- **Task brief**
Repeat exactly the lines below that lie between the line with "AMIR SLAMA Tie-front printed strapless top" and the line with "CHANASYA CHANASYA Orange", counting both of those lines as part of the answer.

- **Task input**
=======

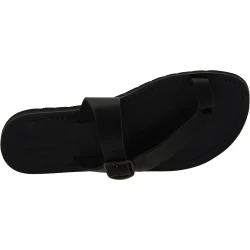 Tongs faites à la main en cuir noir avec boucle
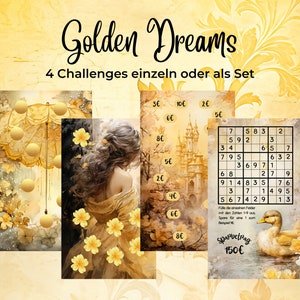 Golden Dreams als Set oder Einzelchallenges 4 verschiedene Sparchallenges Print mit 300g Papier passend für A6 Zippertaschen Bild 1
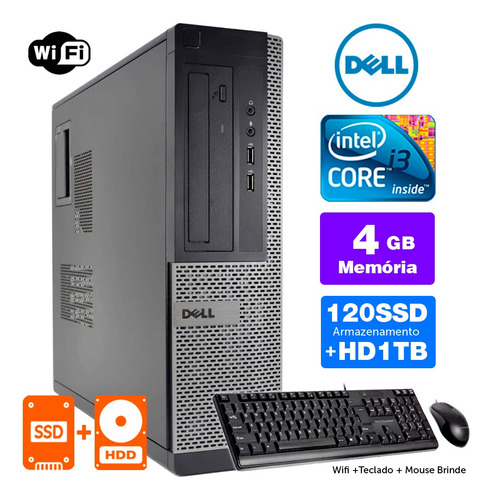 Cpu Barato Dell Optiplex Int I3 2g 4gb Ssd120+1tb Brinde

=======

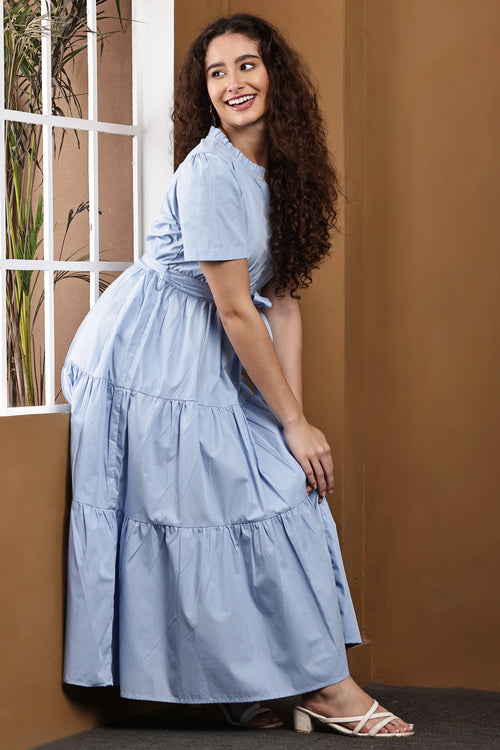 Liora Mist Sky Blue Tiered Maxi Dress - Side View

=======

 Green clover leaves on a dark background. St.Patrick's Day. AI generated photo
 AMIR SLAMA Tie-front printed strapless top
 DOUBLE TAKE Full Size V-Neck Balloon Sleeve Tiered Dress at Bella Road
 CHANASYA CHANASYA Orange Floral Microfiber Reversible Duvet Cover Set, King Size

=======

- **Result of this task**
 AMIR SLAMA Tie-front printed strapless top
 DOUBLE TAKE Full Size V-Neck Balloon Sleeve Tiered Dress at Bella Road
 CHANASYA CHANASYA Orange Floral Microfiber Reversible Duvet Cover Set, King Size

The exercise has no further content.